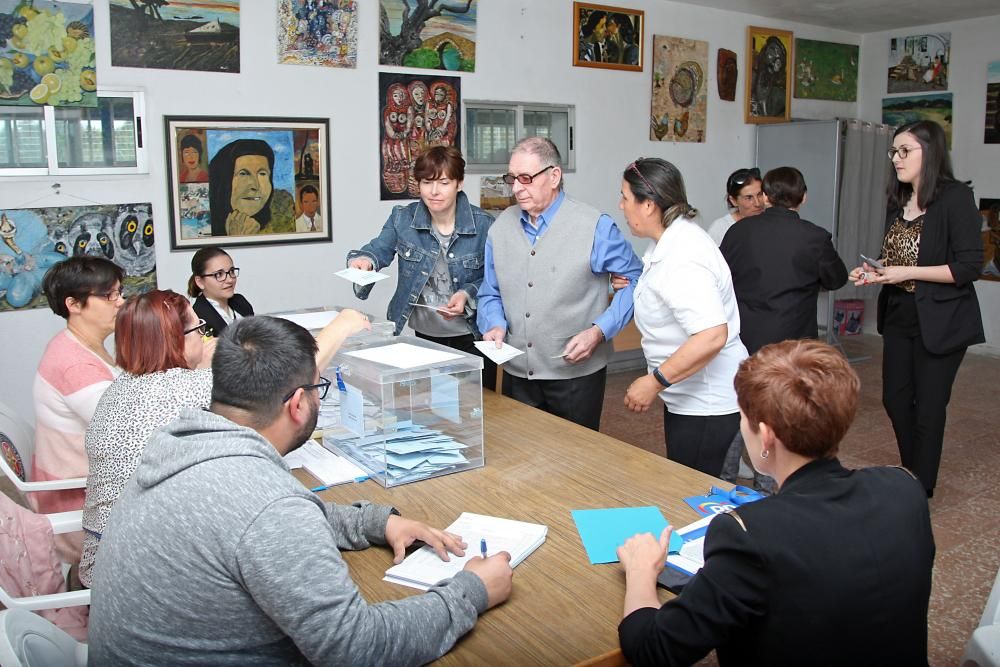 Los votantes dezanos eligen a sus representantes para los concellos y el Parlamento Europeo.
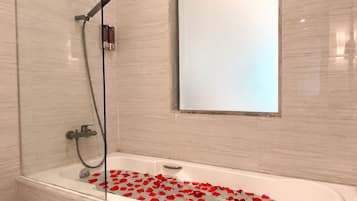 Bathtub, free toiletries, hair dryer, slippers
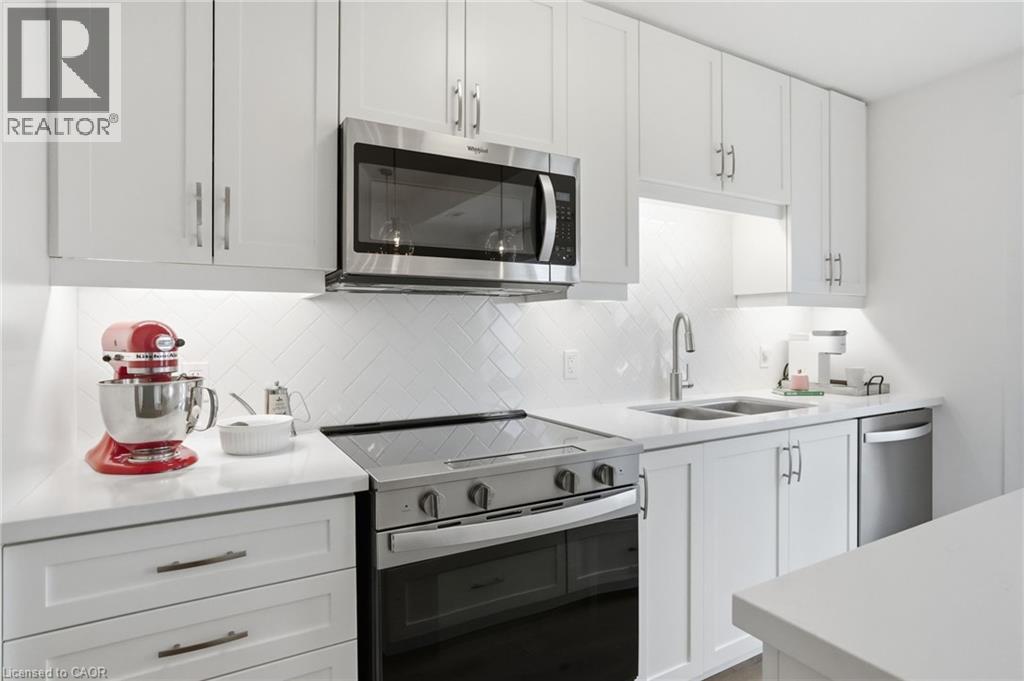 245 Burke Street Property Photo 10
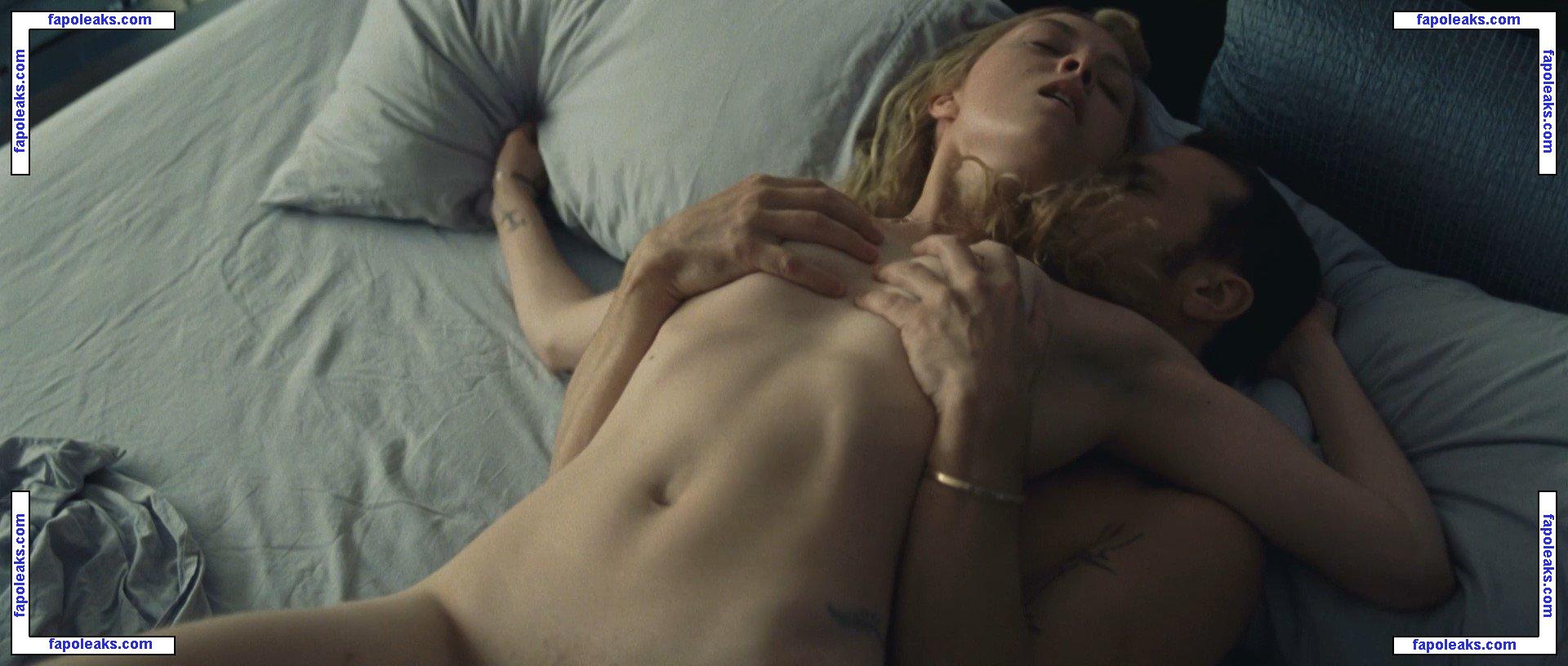 Evelyne Brochu nude photo #0037 from OnlyFans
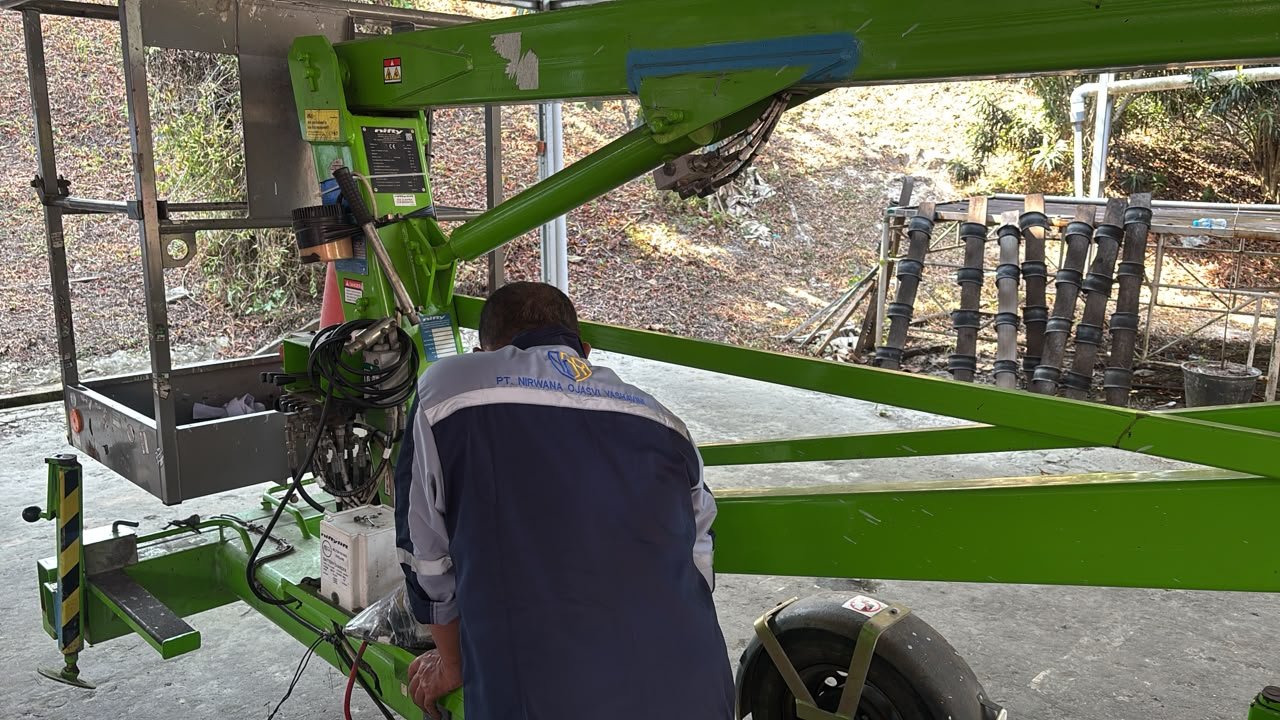 Pekerjaan pemeliharaan manlift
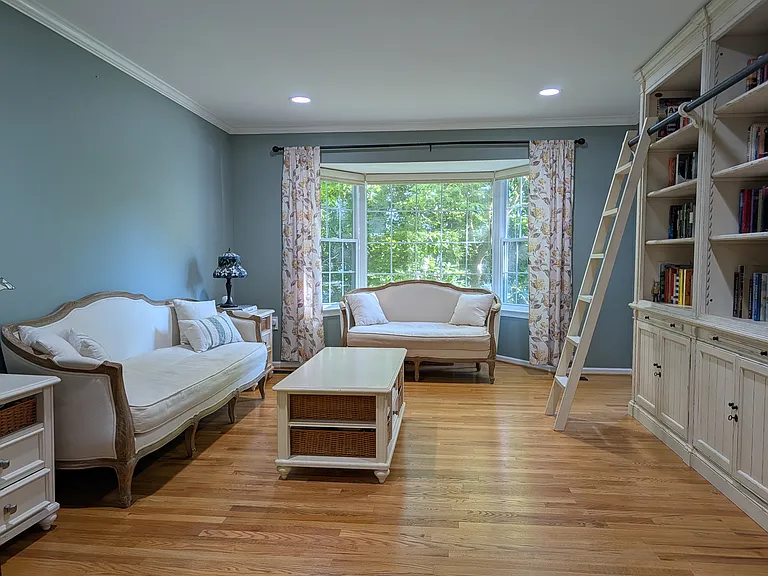 2334 Putnam Ln — Photo 3
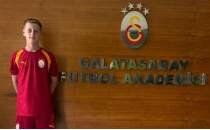 6 ya��nda ba�lad�, hayaline ula�t�: Galatasaray'a transfer oldu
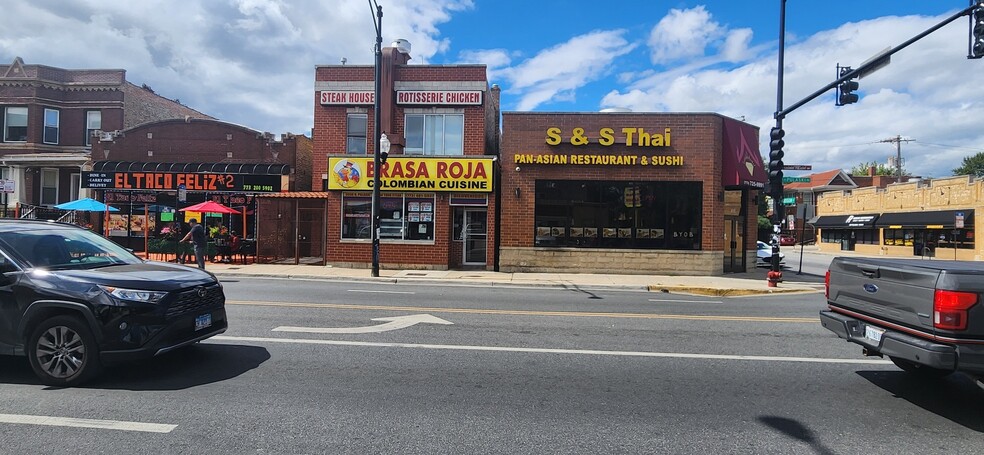 3558 N Pulaski Rd, Chicago, IL en alquiler - Foto del edificio - Imagen 2 de 3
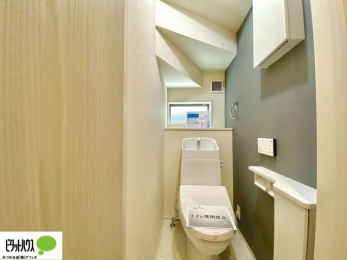 �g�C���@�{�H��ʐ^�@1�E2�K�E�H�V�����b�g�g�C�������B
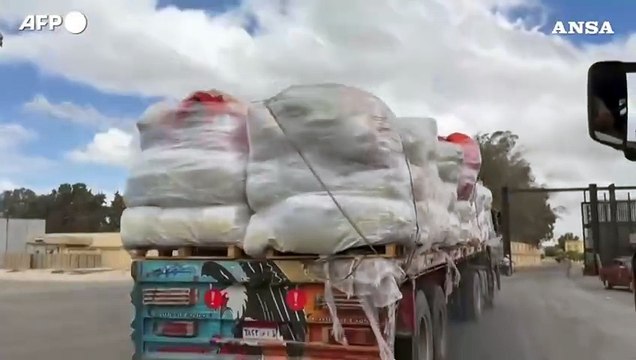 Tornano gli aiuti a Gaza, cibo e carburante entrano dal valico di Rafah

Problem statement >> Leave the pictures out. Repeat every entry above exactly.

Answer to this task >>
 Los votantes dezanos eligen a sus representantes para los concellos y el Parlamento Europeo.
 Bathtub, free toiletries, hair dryer, slippers
 245 Burke Street Property Photo 10
 Evelyne Brochu nude photo #0037 from OnlyFans
 Pekerjaan pemeliharaan manlift
 2334 Putnam Ln — Photo 3
 6 ya��nda ba�lad�, hayaline ula�t�: Galatasaray'a transfer oldu
 3558 N Pulaski Rd, Chicago, IL en alquiler - Foto del edificio - Imagen 2 de 3
 �g�C���@�{�H��ʐ^�@1�E2�K�E�H�V�����b�g�g�C�������B
 Tornano gli aiuti a Gaza, cibo e carburante entrano dal valico di Rafah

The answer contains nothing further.